Technolutions incident

Overnight background services delayed

Notice Resolved View vendor source →

Technolutions experienced a notice incident on February 6, 2024 affecting Slate, lasting 1d 11h. The incident has been resolved; the full update timeline is below.

Started
Feb 06, 2024, 01:25 PM UTC
Resolved
Feb 08, 2024, 12:57 AM UTC
Duration
1d 11h
Detected by Pingoru
Feb 06, 2024, 01:25 PM UTC

Affected components

Slate

Update timeline

  1. monitoring Feb 06, 2024, 01:25 PM UTC

    An AWS-initiated overnight update to a series of Redis servers used for background service queue management has delayed background queue processing as the queues entered a stalled state. Delayed queues are processing now and will complete shortly.

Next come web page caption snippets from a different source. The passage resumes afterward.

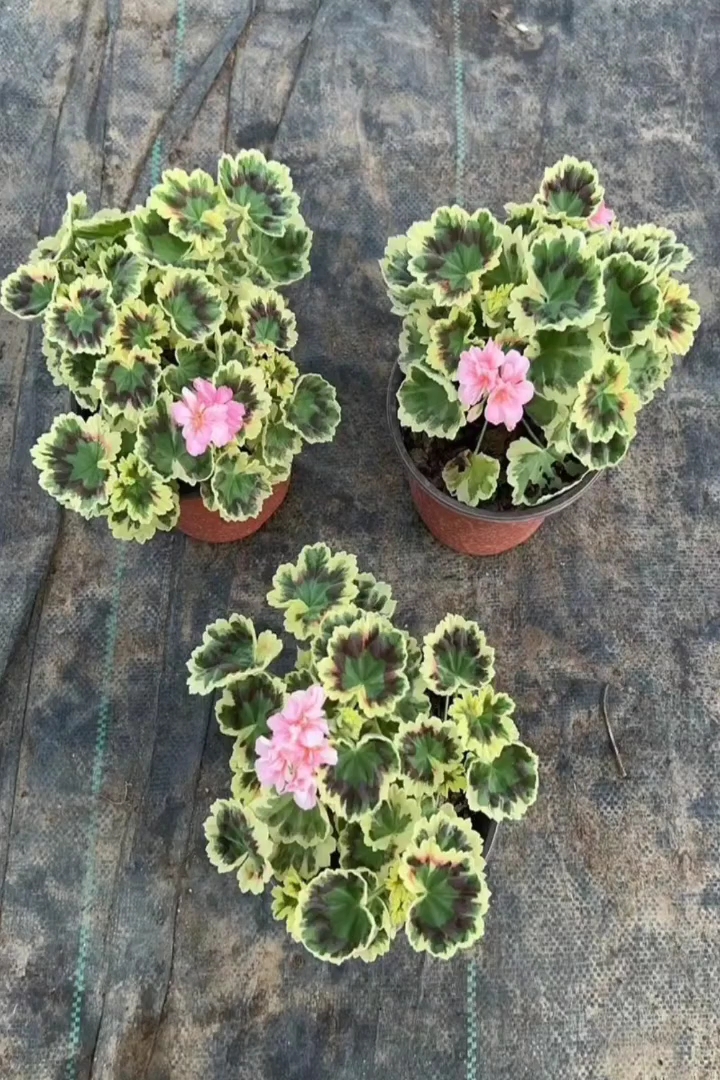 高度20厘米菊叶天竺葵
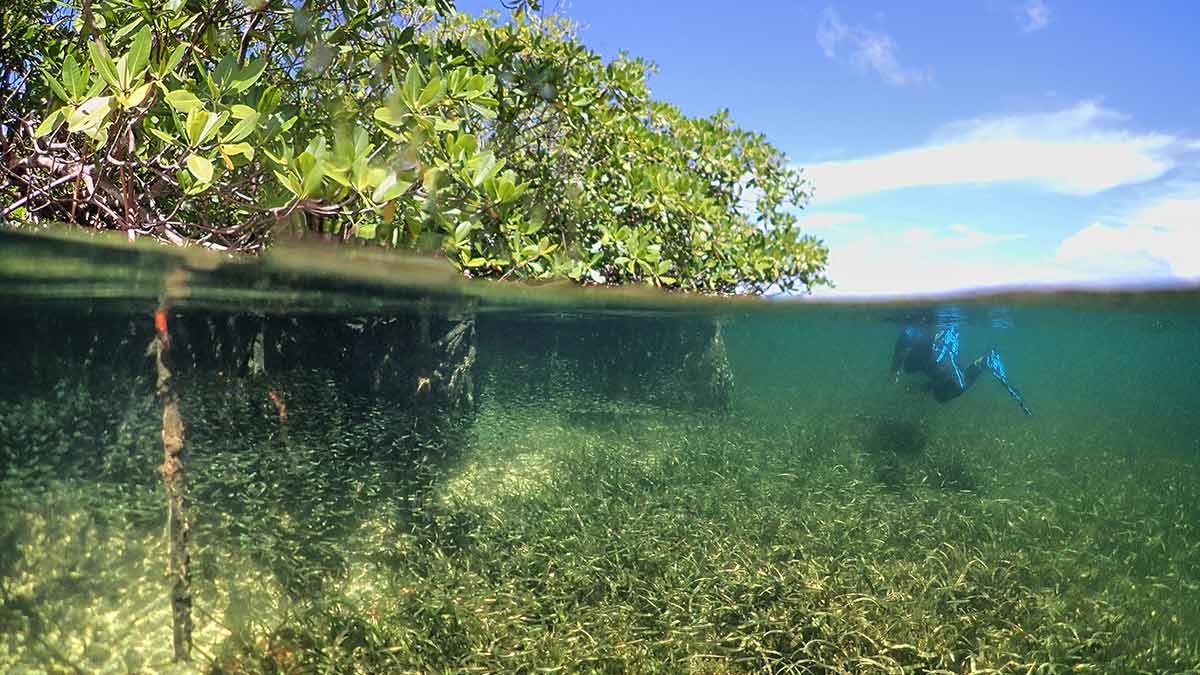 A snorkeler swims near two important blue carbon ecosystems: mangroves and seagrass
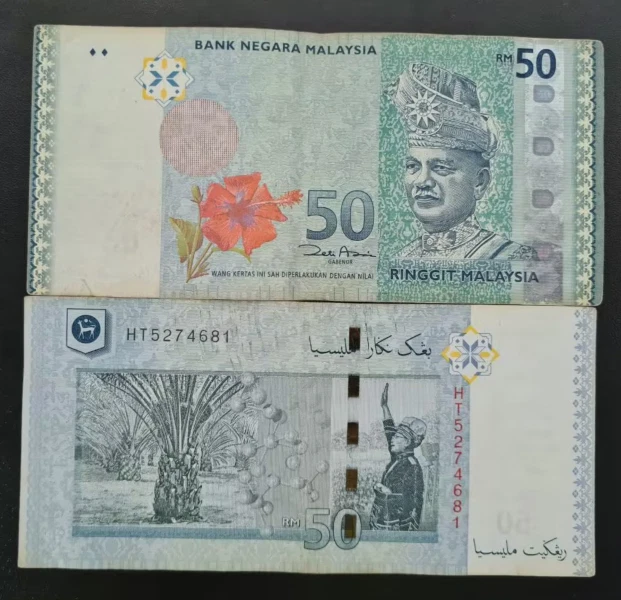 Ringgit currency 2024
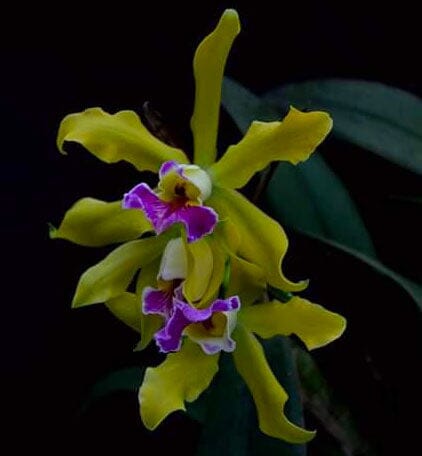 Cattleya xanthina x Cattleya schilleriana Cattleya La Foresta Orchids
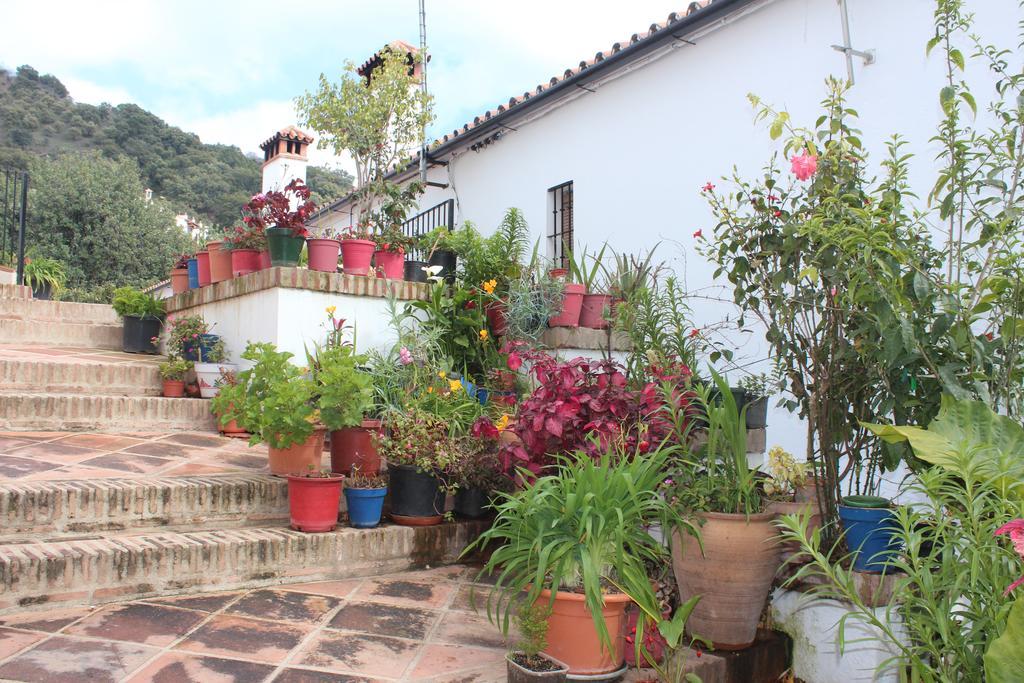 Apartamentos Rurales Jardines Del Visir Genalguacil Exterior foto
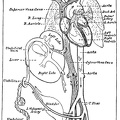 Diagrammatic view of the fetal circulation.jpg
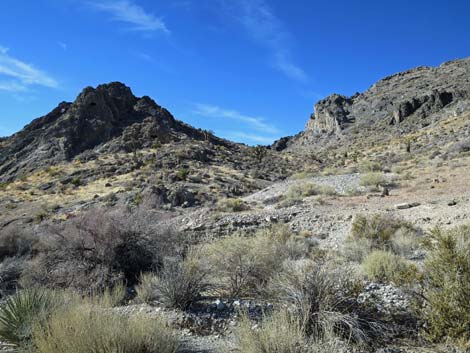 Joe May Canyon Guzzler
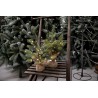 Arbre de noël LED Bella h 30cm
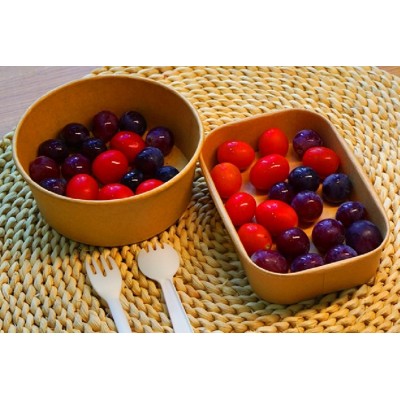 [易生]牛皮纸碗品质保证 可定制 放心选购按需定制 欢迎致电图3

  2. monitoring Feb 06, 2024, 10:14 PM UTC

    As of earlier this afternoon, fewer than 1% of databases had ongoing overnight jobs still executing. The remaining databases have jobs that typically take hours overnight to complete, and with the accumulation of daytime jobs and blocking processes on their databases, are continuing to run. Separately, we have adjusted the background process monitoring to better recover from a scenario in which the Redis servers become temporarily unavailable due to hardware or software updates to those nodes.

  3. resolved Feb 08, 2024, 12:57 AM UTC

    No issues have been observed since the overnight background service queue delays on 2/6, and all overnight queues on 2/7 performed as expected. We will continue to monitor background services to ensure ongoing operation within desired ranges.